1978 to 1980 we won the 1st division championship with a new "young" side, Deare, Mahabir, Stead, Van Twest, Arjune, ably assisted by the old guard, Karam and Rodan Gopaulsingh and a very young Ian Tait. However, the Western Canadian club championship fixture played in Winnipeg, Manitoba taught me that we were still carrying dead weight. A bunch of kids 1 and 2'd us to death on a fast track at Assinaboine Park and we retreated to the pub to take stock.

The club inventory was down to nothing for 1981. Stead had retreated back into flying. Deare had left the team for the greener pastures of Vancouver. Rodan and Karam had stopped playing. We cobbled together a side. F. Dharamsi, our opener, along with Prakash Chatralia, who could only bowl a googly, Ali Shivji, 5 to 7 overs of swing bowling, A. Dickinson, couple 4 - 5 overs steady and straight, Uraj, 10 overs every game straight, stump to stump, nothing fancy; Arjune to kill any spin while batting, Mahabir to rack it up from the left side and managed in the end to finish a respectable middle of the pack. The truth be said this was probably the grittiest Brockton side in my 25 plus years of playing cricket in Vancouver 1st division. 1982 horror of horrors, I had a car accident, Graham Mahabir captained the side, Chris Tynan scored over 300 runs, none the less Brockton finished bottom of the table, but we were not relegated. 1983 I was still recovering but played some and captained. 1984 we had an influx of talent from UBC; Paul Griffin, Trevor Hart, Peter MacDonald to name but a few and we went on a roll. 1984-1990 if you didn't play for Brockton you didn't play cricket. David White, Chris Tynan, Barry Seebaren, Steven Deare, Martin Stead, Ian Tait, Benji Arjune, Ariye Herath, Vas Gunaratna, the Australians, Roger Wickett, Kevin Lees and Tony Carroll, they all played for, partied, and argued among each other on the Brockton Carousel. One game in 1988 captured it all. The depth, the grit, the heart, and fight that epitomized a Brockton Point side from the 1980's, the game against Windsor Cricket Club, the Ontario club champions. Peter MacDonald writing for the Canadian Cricketer described the game as follows:

The Scorecard

Jack Kyle, the eminence grise of Canadian Cricket, says that the stand between Wickett and Van Twest for the 1st wicket was among the finest he has ever seen.

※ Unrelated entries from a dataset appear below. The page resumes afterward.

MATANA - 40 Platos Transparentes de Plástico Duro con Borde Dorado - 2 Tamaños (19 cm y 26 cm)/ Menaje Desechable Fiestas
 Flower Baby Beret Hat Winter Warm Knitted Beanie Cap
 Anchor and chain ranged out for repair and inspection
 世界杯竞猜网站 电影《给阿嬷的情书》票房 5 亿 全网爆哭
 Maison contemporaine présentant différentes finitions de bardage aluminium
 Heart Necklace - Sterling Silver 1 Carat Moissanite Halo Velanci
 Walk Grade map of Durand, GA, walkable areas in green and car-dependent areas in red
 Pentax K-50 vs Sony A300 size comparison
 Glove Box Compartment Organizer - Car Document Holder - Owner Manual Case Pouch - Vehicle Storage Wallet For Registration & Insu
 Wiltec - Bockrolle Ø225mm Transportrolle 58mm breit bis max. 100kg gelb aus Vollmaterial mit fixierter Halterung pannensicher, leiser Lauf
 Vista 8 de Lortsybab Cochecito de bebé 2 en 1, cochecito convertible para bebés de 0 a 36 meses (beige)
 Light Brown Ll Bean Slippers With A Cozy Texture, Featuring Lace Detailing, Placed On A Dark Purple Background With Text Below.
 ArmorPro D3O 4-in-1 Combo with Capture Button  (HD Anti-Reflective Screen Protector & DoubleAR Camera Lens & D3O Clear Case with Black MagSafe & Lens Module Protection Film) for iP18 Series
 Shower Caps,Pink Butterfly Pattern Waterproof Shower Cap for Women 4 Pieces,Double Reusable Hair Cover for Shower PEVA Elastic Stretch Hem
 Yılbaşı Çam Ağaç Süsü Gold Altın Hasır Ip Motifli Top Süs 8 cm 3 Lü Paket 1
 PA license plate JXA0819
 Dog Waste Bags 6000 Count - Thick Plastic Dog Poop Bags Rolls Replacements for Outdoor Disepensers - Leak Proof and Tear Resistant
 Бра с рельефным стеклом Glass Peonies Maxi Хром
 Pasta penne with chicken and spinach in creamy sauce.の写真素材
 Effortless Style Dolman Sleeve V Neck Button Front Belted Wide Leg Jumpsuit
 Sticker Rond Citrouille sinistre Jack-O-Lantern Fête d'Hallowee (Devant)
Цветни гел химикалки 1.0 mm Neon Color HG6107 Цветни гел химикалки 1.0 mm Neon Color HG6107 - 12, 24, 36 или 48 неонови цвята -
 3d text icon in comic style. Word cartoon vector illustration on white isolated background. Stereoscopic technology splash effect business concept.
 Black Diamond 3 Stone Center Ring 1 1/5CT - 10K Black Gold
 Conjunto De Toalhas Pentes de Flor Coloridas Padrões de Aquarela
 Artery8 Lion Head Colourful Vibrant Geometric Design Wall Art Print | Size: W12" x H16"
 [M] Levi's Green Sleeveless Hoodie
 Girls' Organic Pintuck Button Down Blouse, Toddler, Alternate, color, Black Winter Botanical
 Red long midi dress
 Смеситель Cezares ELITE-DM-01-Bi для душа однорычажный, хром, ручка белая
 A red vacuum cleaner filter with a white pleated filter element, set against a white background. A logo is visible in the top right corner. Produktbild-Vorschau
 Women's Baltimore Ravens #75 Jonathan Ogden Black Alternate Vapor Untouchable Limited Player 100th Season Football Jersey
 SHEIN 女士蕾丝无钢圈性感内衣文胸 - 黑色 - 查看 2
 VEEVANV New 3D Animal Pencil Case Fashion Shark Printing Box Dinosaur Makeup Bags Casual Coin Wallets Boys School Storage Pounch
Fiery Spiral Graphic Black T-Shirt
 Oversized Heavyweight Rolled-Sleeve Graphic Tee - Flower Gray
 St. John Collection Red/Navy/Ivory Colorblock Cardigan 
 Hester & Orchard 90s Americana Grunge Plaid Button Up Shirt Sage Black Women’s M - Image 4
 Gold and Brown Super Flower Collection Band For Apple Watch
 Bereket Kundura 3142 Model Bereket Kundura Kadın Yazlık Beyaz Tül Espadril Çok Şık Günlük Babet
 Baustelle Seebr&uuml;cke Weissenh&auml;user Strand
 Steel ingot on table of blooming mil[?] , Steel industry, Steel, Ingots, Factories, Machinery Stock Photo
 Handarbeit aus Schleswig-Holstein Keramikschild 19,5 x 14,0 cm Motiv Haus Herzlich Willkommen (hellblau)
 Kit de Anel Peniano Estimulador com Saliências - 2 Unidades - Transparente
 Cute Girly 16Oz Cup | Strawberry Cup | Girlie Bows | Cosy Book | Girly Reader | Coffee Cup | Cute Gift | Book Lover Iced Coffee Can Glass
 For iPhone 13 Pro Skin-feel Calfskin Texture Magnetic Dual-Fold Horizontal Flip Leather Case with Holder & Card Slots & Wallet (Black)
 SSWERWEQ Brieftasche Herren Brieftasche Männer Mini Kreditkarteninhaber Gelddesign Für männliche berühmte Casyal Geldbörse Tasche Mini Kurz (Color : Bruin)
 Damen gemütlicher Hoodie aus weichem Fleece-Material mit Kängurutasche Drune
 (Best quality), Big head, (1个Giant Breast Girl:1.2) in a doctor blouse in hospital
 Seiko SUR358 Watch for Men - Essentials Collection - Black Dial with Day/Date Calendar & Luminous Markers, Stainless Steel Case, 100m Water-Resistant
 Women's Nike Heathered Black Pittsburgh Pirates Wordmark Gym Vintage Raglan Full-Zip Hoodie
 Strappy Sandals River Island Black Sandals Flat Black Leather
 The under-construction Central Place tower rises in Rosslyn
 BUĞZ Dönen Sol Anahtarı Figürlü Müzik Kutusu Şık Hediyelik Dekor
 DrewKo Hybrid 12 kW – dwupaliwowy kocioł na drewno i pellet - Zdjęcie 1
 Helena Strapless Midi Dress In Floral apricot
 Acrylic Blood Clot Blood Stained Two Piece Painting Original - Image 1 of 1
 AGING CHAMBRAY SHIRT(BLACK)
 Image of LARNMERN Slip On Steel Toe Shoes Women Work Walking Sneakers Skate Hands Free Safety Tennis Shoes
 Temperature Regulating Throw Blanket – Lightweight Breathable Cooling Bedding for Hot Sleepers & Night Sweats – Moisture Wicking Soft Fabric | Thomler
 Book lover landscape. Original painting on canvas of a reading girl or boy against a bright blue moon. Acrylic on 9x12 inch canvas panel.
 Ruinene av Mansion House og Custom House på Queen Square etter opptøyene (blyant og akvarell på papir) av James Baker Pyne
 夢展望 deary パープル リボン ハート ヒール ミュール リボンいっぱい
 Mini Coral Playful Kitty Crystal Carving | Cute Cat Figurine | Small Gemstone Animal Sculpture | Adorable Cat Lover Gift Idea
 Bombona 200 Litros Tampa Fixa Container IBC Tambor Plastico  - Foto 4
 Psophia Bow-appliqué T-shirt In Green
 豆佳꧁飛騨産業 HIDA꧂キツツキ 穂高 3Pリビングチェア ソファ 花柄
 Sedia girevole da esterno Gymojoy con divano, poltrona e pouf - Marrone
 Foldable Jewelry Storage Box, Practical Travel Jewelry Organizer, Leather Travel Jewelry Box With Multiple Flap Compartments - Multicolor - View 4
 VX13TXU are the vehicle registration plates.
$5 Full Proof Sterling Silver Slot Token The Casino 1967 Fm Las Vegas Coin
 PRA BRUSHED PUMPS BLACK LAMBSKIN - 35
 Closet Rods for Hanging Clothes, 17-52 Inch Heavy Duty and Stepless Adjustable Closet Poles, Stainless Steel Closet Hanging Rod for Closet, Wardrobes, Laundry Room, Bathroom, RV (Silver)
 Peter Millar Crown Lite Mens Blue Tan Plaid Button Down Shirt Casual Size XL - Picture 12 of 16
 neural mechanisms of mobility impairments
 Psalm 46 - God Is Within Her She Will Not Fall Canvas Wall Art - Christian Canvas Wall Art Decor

Photo of 1988 side. Canadian Club Champions

The new decade of the 1990's saw Brockton fall back to the pack. I was getting into my 40's and looking to leave the game behind. The mainstays of the side were a bunch of brash 25 and a little bit year olds, Harry Kallkut and Ian Tait. Our foreign contingent was represented by Don Schewan, an accountant from New Zealand and Ross Charlton. In 1992 by magic the club repeated as 1st division champions. Schewan had a stellar year, not to be repeated. Kallkut scored at least one quick fire century. Ian Tait stumbled through the captaincy and got to the post ahead of the Meralomas.

In 1993-94 Manoj Perera was being groomed to captain the 1st XI. He had in his charge 6 or 7 BC caps, Baldwin, Gunaratna, Dixon and the Seebarans. Nonetheless, Brockton stumbled and bumbled through a series of lackluster seasons.

In 1995 we were successful in obtaining a "Casino License". We purchased a mountain of landscaping equipment; mowers, rollers, and built a shed and set about constructing a grass wicket at Balaclava Park. Two new recruits to the side, Clive Halloway and Andy Goring, as well as the old standby Ian Tait, took a particular shine to wicket construction and maintenance. We maintained the track and improved it in each year until it was wiped out in a "sanding operation" by the Parks Board in 2000. We may have not been the best cricketing side between '95 and '00 but we raised the most money, brought cricket to over 10,000 school children, and sponsored two cricketing festivals of note, the Harmony Festival of Cricket and Culture in '98, a 3 day event, and a similar event in '99, the Cobra Festival of Cricket and Culture, in conjunction with the BCCA. Unfortunately, in 1999 we were cut off from government funding, and as a result the cricket festival and the grass wicket experiments were suspended.